Beziehungen und Broccoli

Kulinarische Konkurrenz für Kubas fade Hotelküche: Privatrestaurants sind en vogue in Kuba. Wer auf sich hält, reserviert den Tisch nicht im protzigen Hotel Nacional, sondern etwa im La Guarida

von KNUT HENKEL

Das mächtige mit gusseisernen Nägeln beschlagene Eingangstor steht sperrangelweit offen. Hinge nicht die Metallstange mit dem im Wind schaukelnden Plastikschild, auf dem La Guarida zu lesen ist, an der brüchigen Wand neben dem Eingang, würde wohl kaum jemand auf die Idee kommen, dass sich in dem heruntergekommenen Gründerzeithaus das berühmteste Privatrestaurant Havannas befindet. Die marmorne Treppe hinauf in den dritten und letzten Stock des ehemals mondänen Bürgerhauses haben schon zahlreiche Prominente erklommen, unter ihnen Königin Sofia von Spanien und Jack Nicholson. Es riecht nach Moder und Waschpulver. Dann ist die unscheinbare Wohnungstür erreicht, hinter der sich das La Guarida verbirgt.

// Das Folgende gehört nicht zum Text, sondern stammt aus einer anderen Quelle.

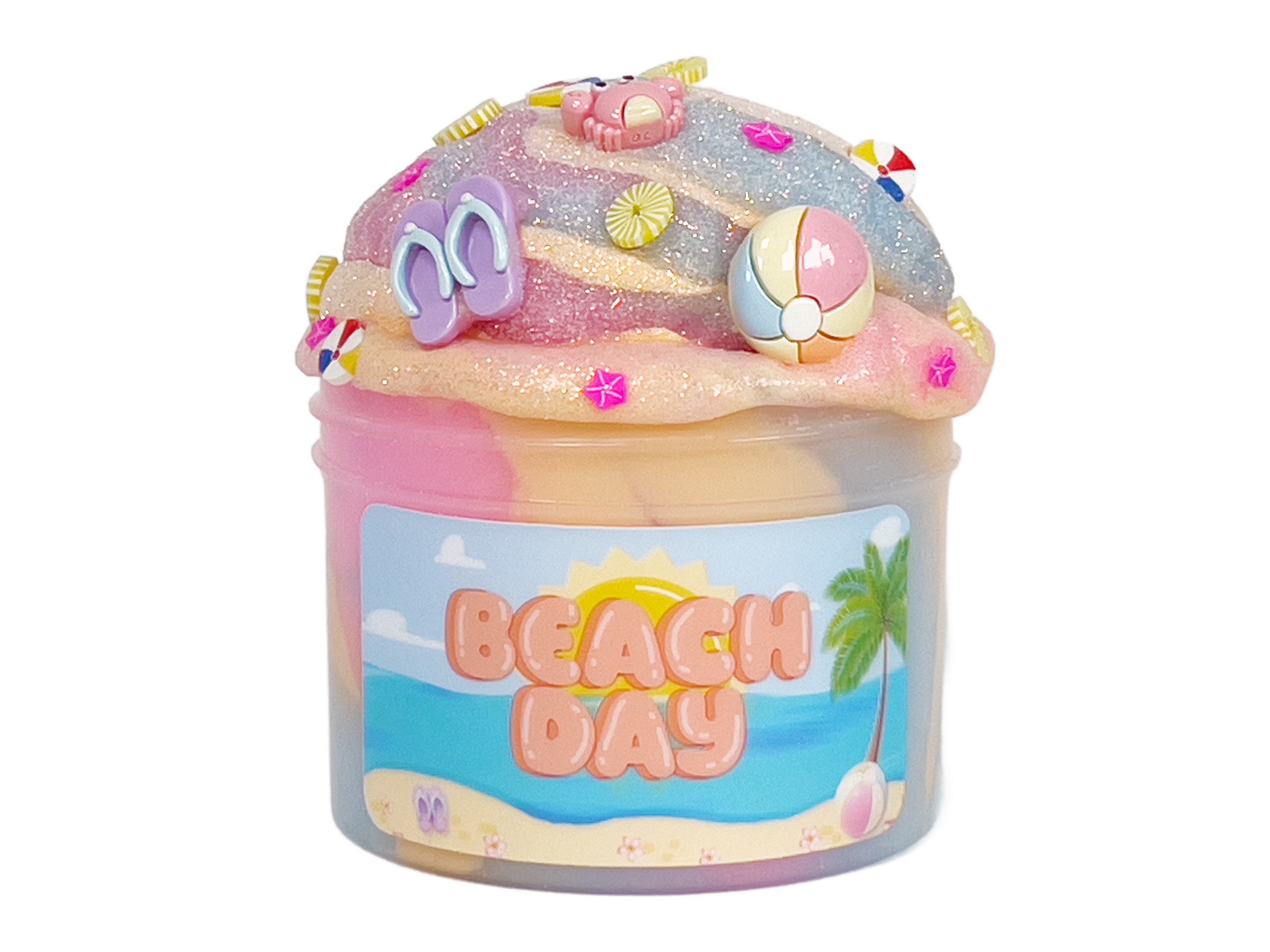 Beach Day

Alte Filmplakate, Fotos vom Ché-Fotografen Alberto Korda hängen im Flur. An der Küche vorbei betritt man einen der drei Wohnräume. Hier wird serviert. Ein altes Grammofon steht auf einer Anrichte, daneben ein gerahmtes Schwarz-Weiß-Foto der Monroe. Darüber hängen die Ballettschuhe von Lorna Feijóo, der Primaballerina des kubanischen Nationalballetts. Das private Ambiente macht Enrique Núñez, der das Restaurant gemeinsam mit seiner Frau Odeysis Baullosa seit Juli 1996 betreibt, für den Erfolg mitverantwortlich. Dass einige Szenen von „Erdbeeren und Schokolade“, dem erfolgreichsten kubanischen Film der letzten Dekade, hier gedreht wurden, war ein weiterer Startvorteil.

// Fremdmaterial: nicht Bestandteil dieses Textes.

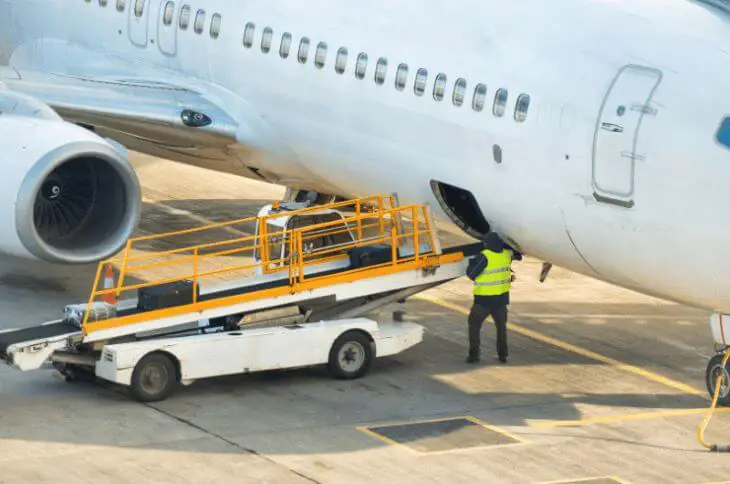 air freight from china to usa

Doch für die vielen Stammgäste ist die einfallsreiche Küche von Toni der zentrale Grund zu kommen. Seine Spezialität ist die Zubereitung des Red Snapper. Doch auch Kaninchen-Lasagne oder Schweinemedaillons in Mangosauce stehen für etwa 10 Euro auf der Karte. Mit Spinat, Aubergine oder Broccoli weiß der Küchenchef im Gegensatz zu vielen seiner kubanischen Kollegen umzugehen. Toni hat in den letzten Jahren einigen Kollegen in Spanien und Frankreich über die Schulter geschaut und sich inspirieren lassen. „Für diese Kontakte haben die Stammkunden aus dem Diplomatenkorps gesorgt“, verrät Enrique Núñez. Er hat einflussreiche Gäste. La Guarida ist mit eigener Homepage im Internet vertreten – ein Novum für ein kubanisches Privatrestaurant.

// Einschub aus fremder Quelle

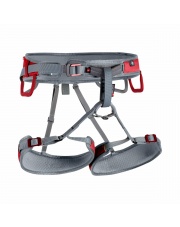 Uprząż Mammut OPHIR FAST ADJUST lava/iron lava/iron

Von derart guten Beziehungen kann die Konkurrenz nur träumen. Viele der „Paladares“ der ersten Stunde haben längst wieder dichtgemacht. 700 dieser privat geführten Restaurants gab es allein in Havanna, als Mitte der Neunzigerjahre der Paladar-Gründungsboom in Kuba grassierte. Heute sind es etwa die Hälfte, schätzt Núñez. Auch das La Guarida, im Juli 1996 eröffnet, entstand in der Boomphase. Für die sorgte eine brasilianische Seifenoper, eine Telenovela, die im Sommer 1994 in Kuba Tränen der Rührung hervorrief. Protagonistin der Serie war eine einfache Frau, der das Kunststück gelang, sich über den Straßenverkauf von belegten Brötchen den Traum vom eigenen Restaurant zu erfüllen. Dem ersten folgte ein zweites, bis eine Kette entstand, die sie paladar, zu Deutsch Gaumen, taufte. Name und Idee wurden von den Kubanern schnell übernommen, und viele Wohnzimmer verwandelten sich quasi über Nacht in Restaurants – erst illegal, dann ab Mitte 1995 legal.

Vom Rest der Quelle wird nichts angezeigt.